Task statement
Transcribe only the lines between the first line of the records and the line containing "фото №1, Mercedes", inclusive, exactly as written.

Stored items
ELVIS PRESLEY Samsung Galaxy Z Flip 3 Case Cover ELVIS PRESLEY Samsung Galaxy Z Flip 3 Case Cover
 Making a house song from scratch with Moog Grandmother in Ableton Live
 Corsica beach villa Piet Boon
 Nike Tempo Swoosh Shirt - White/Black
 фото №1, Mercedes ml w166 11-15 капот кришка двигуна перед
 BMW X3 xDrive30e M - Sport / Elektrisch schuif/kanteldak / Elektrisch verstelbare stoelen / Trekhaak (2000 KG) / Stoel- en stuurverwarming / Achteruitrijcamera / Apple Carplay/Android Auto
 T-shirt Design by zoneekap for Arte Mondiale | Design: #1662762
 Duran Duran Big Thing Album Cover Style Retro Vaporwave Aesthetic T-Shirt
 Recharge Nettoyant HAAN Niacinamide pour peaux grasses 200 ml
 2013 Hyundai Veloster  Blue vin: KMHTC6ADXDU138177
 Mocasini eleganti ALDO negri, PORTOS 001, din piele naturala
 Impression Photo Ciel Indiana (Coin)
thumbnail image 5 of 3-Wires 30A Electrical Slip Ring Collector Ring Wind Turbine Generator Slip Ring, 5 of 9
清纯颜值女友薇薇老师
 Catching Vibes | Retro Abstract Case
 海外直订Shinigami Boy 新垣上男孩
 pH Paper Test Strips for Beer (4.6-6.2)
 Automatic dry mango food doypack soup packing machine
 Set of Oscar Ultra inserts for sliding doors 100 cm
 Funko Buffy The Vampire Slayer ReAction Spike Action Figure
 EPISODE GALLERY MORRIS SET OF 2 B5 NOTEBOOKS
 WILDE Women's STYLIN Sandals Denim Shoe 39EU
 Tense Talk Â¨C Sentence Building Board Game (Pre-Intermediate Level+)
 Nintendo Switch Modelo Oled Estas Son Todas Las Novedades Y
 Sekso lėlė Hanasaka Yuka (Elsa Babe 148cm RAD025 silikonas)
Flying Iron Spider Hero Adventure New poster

Reply to the task
ELVIS PRESLEY Samsung Galaxy Z Flip 3 Case Cover ELVIS PRESLEY Samsung Galaxy Z Flip 3 Case Cover
 Making a house song from scratch with Moog Grandmother in Ableton Live
 Corsica beach villa Piet Boon
 Nike Tempo Swoosh Shirt - White/Black
 фото №1, Mercedes ml w166 11-15 капот кришка двигуна перед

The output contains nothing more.